[RFC PATCH v2 0/5] virtio-balloon: Working Set Reporting

T.J. Alumbaugh posted 5 patches 10 months, 1 week ago
Patches applied successfully (tree, apply log)
git fetch https://github.com/patchew-project/qemu tags/patchew/20230525222016.35333-1-talumbau@google.com
Maintainers: "Dr. David Alan Gilbert" <dave@treblig.org>, "Michael S. Tsirkin" <mst@redhat.com>, David Hildenbrand <david@redhat.com>, Markus Armbruster <armbru@redhat.com>, Eric Blake <eblake@redhat.com>, Eduardo Habkost <eduardo@habkost.net>, Marcel Apfelbaum <marcel.apfelbaum@gmail.com>, "Philippe Mathieu-Daudé" <philmd@linaro.org>, Yanan Wang <wangyanan55@huawei.com>
hmp-commands.hx                               |  26 ++
hw/core/machine-hmp-cmds.c                    |  21 ++
hw/virtio/virtio-balloon-pci.c                |   2 +
hw/virtio/virtio-balloon.c                    | 239 +++++++++++++++++-
include/hw/virtio/virtio-balloon.h            |  13 +-
include/monitor/hmp.h                         |   2 +
.../standard-headers/linux/virtio_balloon.h   |  20 ++
include/sysemu/balloon.h                      |   9 +-
monitor/monitor.c                             |   1 +
qapi/machine.json                             |  66 +++++
qapi/misc.json                                |  26 ++
softmmu/balloon.c                             |  31 ++-
12 files changed, 449 insertions(+), 7 deletions(-)
[RFC PATCH v2 0/5] virtio-balloon: Working Set Reporting
Posted by T.J. Alumbaugh 10 months, 1 week ago
This is the device implementation for the proposed expanded balloon feature
described here:

https://lore.kernel.org/linux-mm/20230509185419.1088297-1-yuanchu@google.com/

This series has a fixed number of "bins" for the working set report, but this is
not a constraint of the system. The bin number is fixed at device realization
time (in other implementations it is specified as a command line argument). Once
that number is fixed, this determines the correct number of bin intervals to
pass to the QMP/HMP function 'working_set_config'. Any feedback on how to
properly construct that function for this use case (passing a variable length
list?) would be appreciated.

New in V2:
=========

- Patch series is now: header file changes, device changes, QMP changes, HMP
chagnes, and migration changes.

- Exmaple usages of QMP and HMP interface are in their respective commit
messages.

- "ws" -> "working_set" throughout

Motivation
==========
As mentioned in the above message, the use case is a host with overcommitted
memory and 1 or more VMs. The goal is to get both timely and accurate
information on overall memory utilization in order to drive appropriate
reclaim activities, since in some client device use cases a VM might need a
significant fraction of the overall memory for a period of time, but then
enter a quiet period that results in a large number of cold pages in the
guest.

The balloon device now has a number of features to assist in sharing memory
resources amongst the guests and host (e.g free page hinting, stats, free page
reporting). As mentioned in slide 12 in [1], the balloon doesn't have a good
mechanism to drive the reclaim of guest cache. Our use case includes both
typical page cache as well as "application caches" with memory that should be
discarded in times of system-wide memory pressure. In some cases, virtio-pmem
can be a method for host control of guest cache but there are undesirable
security implications.

Working Set Reporting
=====================
The patch series here includes:

 - Actual device implementation for VIRTIO_F_WS_REPORTING to standardize the
   configuration and communication of Working Set reports from the guest. This
   includes a notification virtqueue for receiving config information and
   requests for a report (a feature which could be expanded for additional use
   cases) and a virtqueue for the actual report from the driver.

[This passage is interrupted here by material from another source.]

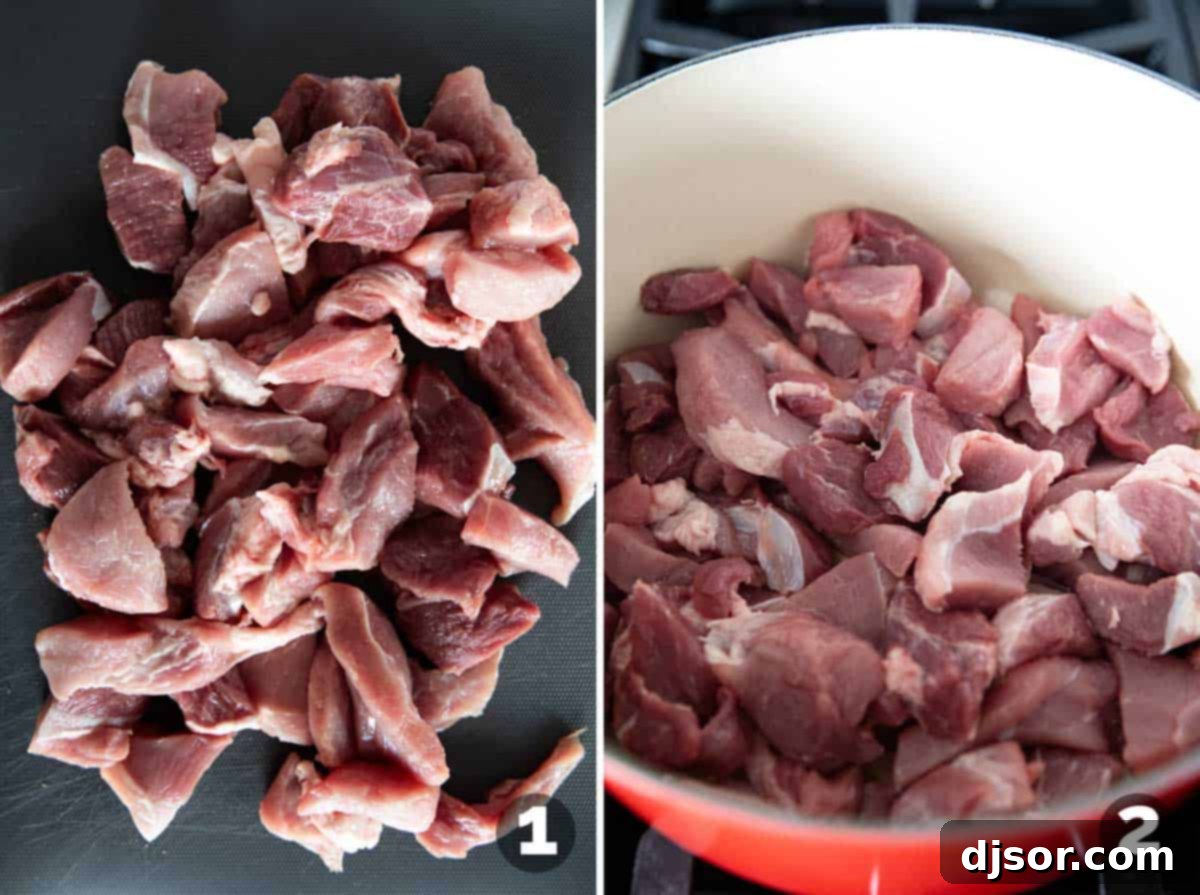 Slow-Roasted Crispy Pork Perfection 4 Cutting pork into even strips and adding them to a Dutch oven for cooking carnitas.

 - QMP changes so that a controller program can use the existing QEMU socket
   mechanism to configure and request WS reports and then read the reports as
   a JSON property on the balloon.

Working Set reporting in the balloon provides:

 - an accurate picture of current memory utilization in the guest
 - event driven reporting (with configurable rate limiting) to deliver reports
   during times of memory pressure.

The reporting mechanism can be combined with a domain-specific balloon policy
to drive the separate reclaim activities in a coordinated fashion.

TODOs:
======
 -  A synchronization mechanism must be added to the functions that send WS
    Config and WS Request, otherwise concurrent callers (through QMP) can mix
    messages on the virtqueue sending the data to the driver.

 - The device currently has a hard-coded setting of 4 'bins' for a Working Set
   report, whereas the specification calls for anywhere between 2 and 16.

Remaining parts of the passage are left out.